Liberia war crimes suspect Gibril Massaquoi's trial begins in Finland

Gibril Massaquoi has been living in Finland since 2008

The trial of a suspected warlord accused of atrocities during Liberia's civil war begins in Finland on Wednesday, the first such case to be partly heard on Liberian soil.

Gibril Massaquoi, a Sierra Leonean living in Finland since 2008, is accused of murder, aggravated war crimes, and aggravated crimes against humanity during the West African country's internal conflict a generation ago.

The 51-year-old who denies the charges will appear before Pirkanmaa District Court in Tampere, the Finnish town where he was arrested in March last year.

In a historic first, the court will also move to Liberia and neighboring Sierra Leone in mid-February to hear testimony from up to 80 witnesses and visit sites where the atrocities are alleged to have been carried out under Massaquoi's orders.

Prosecutors have demanded a life sentence for a grisly litany of killings, rapes and torture they say were carried out by Massaquoi and soldiers under his command between 1999 and 2003.

Life sentences in Finland mean on average 14 years imprisonment, with prisoners released after a safety review.

Court documents contend he held an "extremely senior and influential position" in the RUF, one of the main militias fighting alongside president Charles Taylor's NPFL forces.

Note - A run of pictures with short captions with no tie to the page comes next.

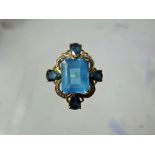 A Lady's Gem 9k Gold Blue Topaz and Diamond Ring, blue octagon topaz 11 x 9 mm, approx 5.4 ct,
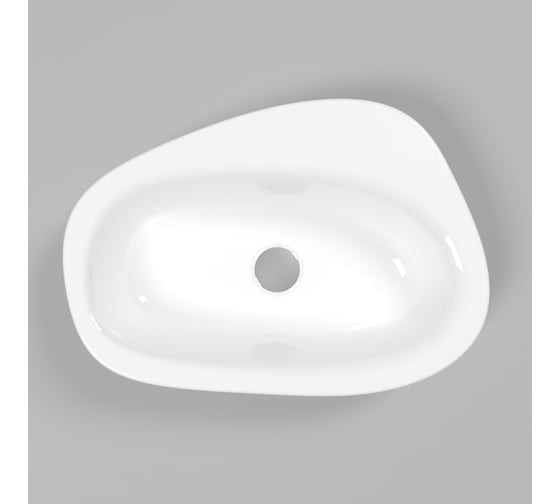 Умывальник WHITECROSS Moonstone D 50x35 см, белый глянец, искусственный камень 0730.050035.100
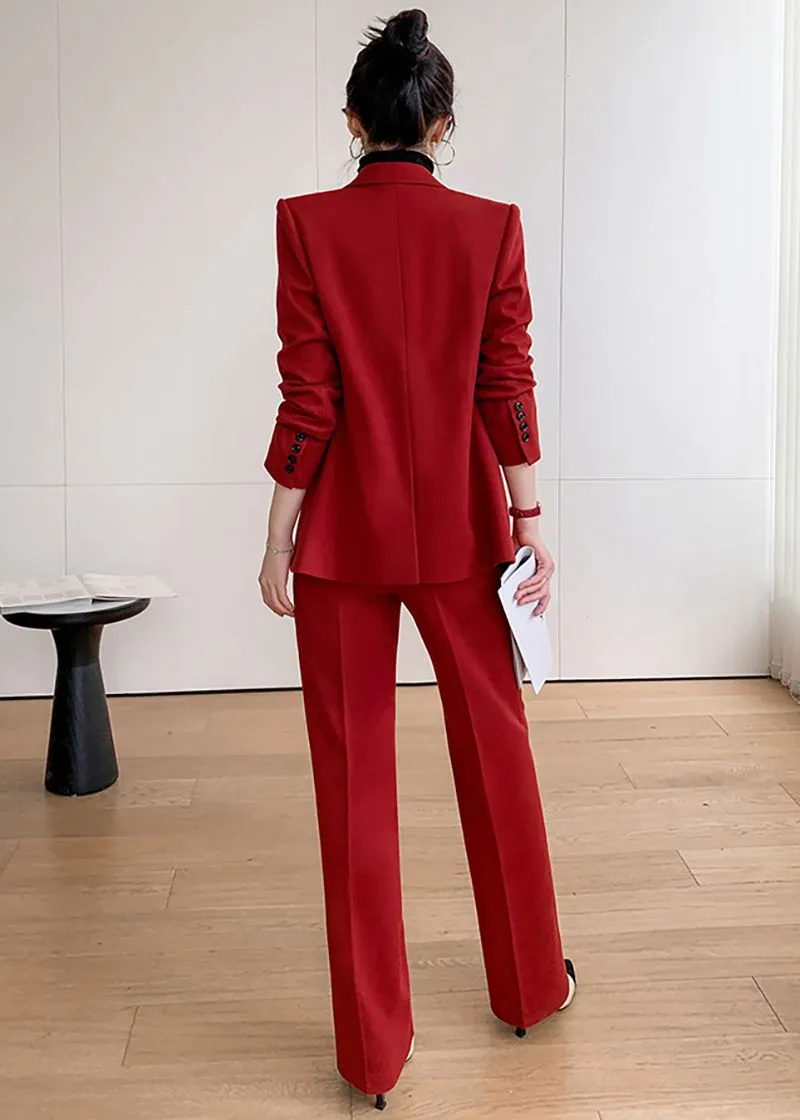 Double-breasted Blazer Pantsuit Set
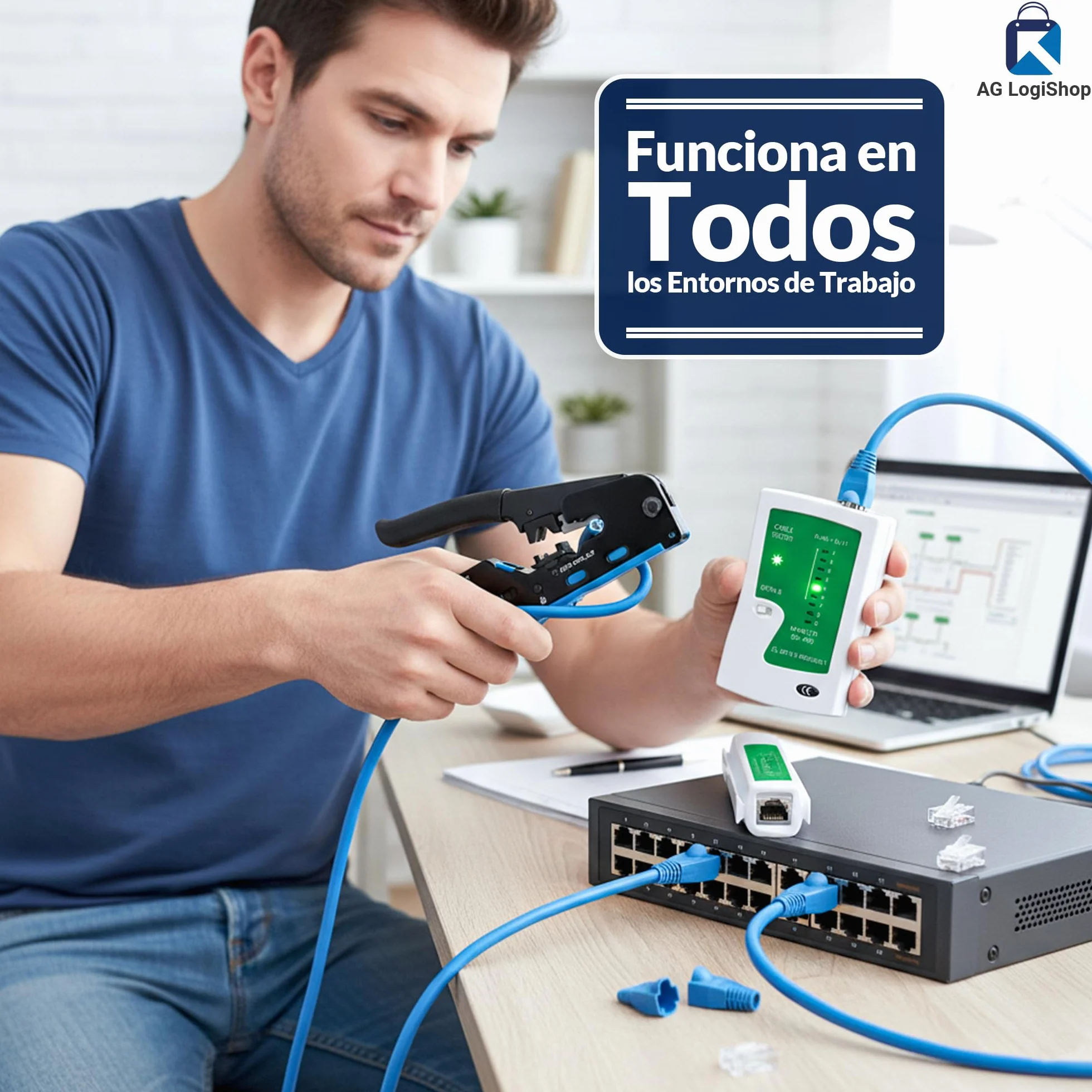 AG LogiShop Kit Herramienta de Crimpado RJ45 + Alicates + Pelacables + Comprobador de Conexión + 50pc Conectores + 50pc Fundas + Bolsa de Almacenamiento | Cat5/5e/6/7 + 6P/8P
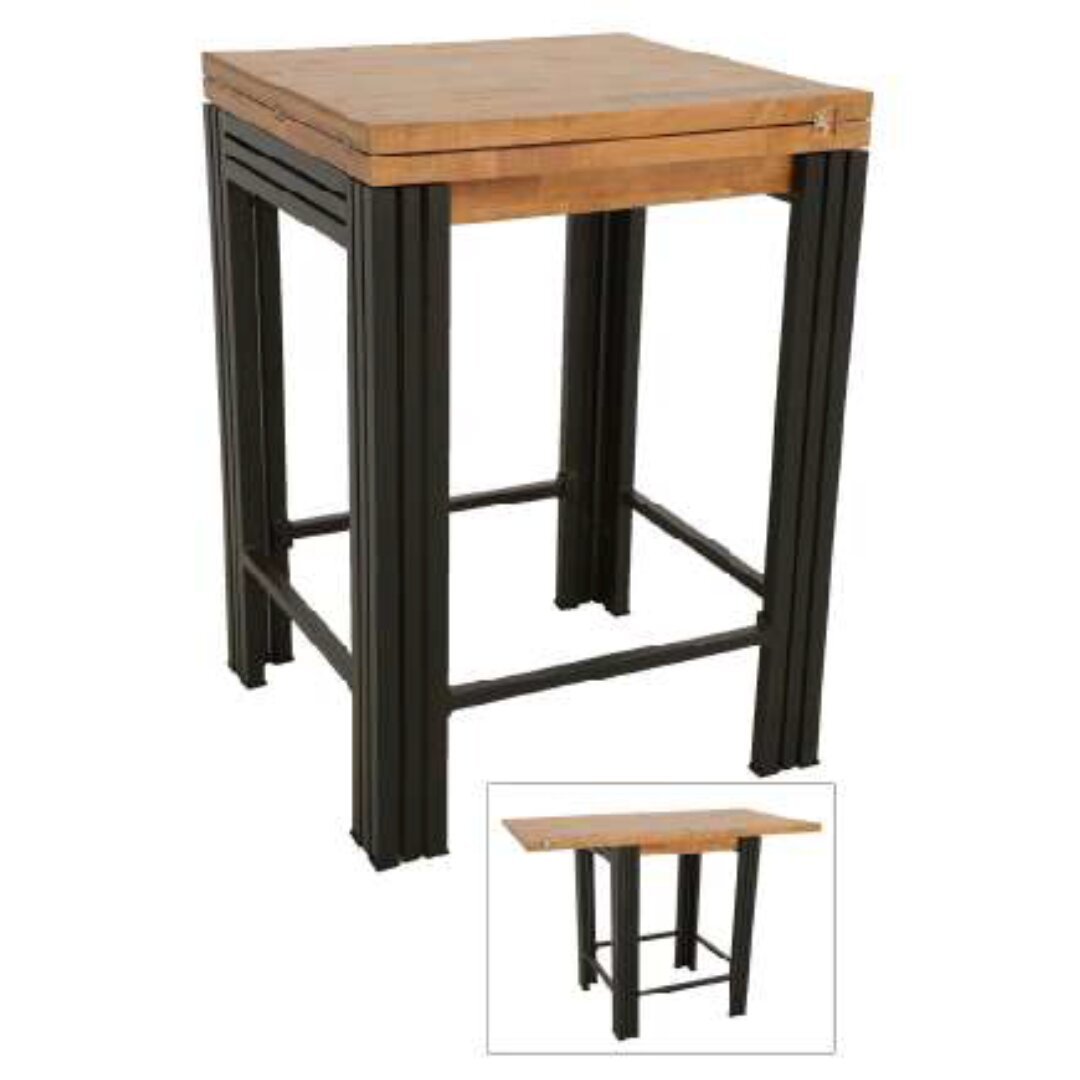 Table MD7112KD, Extendable solid wood table, minimalist style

Finnish law can allow for the prosecution of serious crimes committed abroad.

'Groundbreaking' trial

In the northern village of Kamatahun Hassala, witnesses say that Massaquoi ordered civilians, including children, to be locked into two buildings that were burnt to the ground.

At least seven women were raped and murdered in the same village, while other locals were killed, their bodies cut up and "made into food which Massaquoi also ate," according to the court documents.

The 4,000-page evidence dossier further details mass murders and rapes in Lofa county and the capital Monrovia, and accuses Massaquoi of enslavement and using child soldiers.

The crimes "deliberately and systematically" violated international humanitarian law, and inflicted "irreparable emotional suffering and damage" on the families of his many victims, prosecutors wrote.

News that the court will sit in Liberia has been welcomed in the country whose back-to-back civil wars between 1989 and 2003 left 250,000 people dead and millions displaced.

"This is a good step taken by the international community. It is a signal that crimes committed during the civil war will not go unpunished," human rights activist Adama Dempster told AFP in Monrovia.

Civitas Maxima, the rights group whose initial investigation into Massaquoi prompted the Finnish police to act, said the "groundbreaking" decision could set "a monumental precedent in the ongoing struggle for accountability for the world's worst atrocities."

So far only a handful of people have been convicted for their part in the conflict.

Former Liberian warlord-turned-president Charles Taylor was imprisoned in 2012 -- but for war crimes committed in neighboring Sierra Leone, not in his own country.

'Nothing left behind'

Meanwhile, prosecutions are currently underway against alleged warlords Alieu Kasia in Switzerland and Kunti Kamara in France.

"I welcome the trial and it's our prayers that the court opens in Liberia," survivor Alexander Fayiah told AFP.

Now 42, Fayiah said he was 12 when RUF fighters stormed his village of Foyah in Lofa county, and his mother managed to smuggle him away to safety.

"When they left, there was nothing left behind. Houses were burnt, women were raped and kids were taken hostage to become child soldiers," Fayiah said.

Efforts to establish a war crimes court in the country have stalled.

"The sad news is that those who committed those crimes are the ones who have the political power," Dempster said.

Massaquoi insists he was involved in peace negotiations elsewhere in the region at the time of the atrocities.

"He denies all of the charges... he wasn't there" Massaquoi's lawyer, Kaarle Gummerus, told AFP.

The one-time teacher was allowed to relocate to Finland in return for giving evidence to the UN-led Special Court for Sierra Leone in 2003, set up to examine that country's civil war.

Massaquoi received immunity from prosecution over acts committed in Sierra Leone, but not in Liberia.

Judges at Pirkanmaa district court expect to return to Finland in May for a further two months of hearings, with a verdict delivered in September.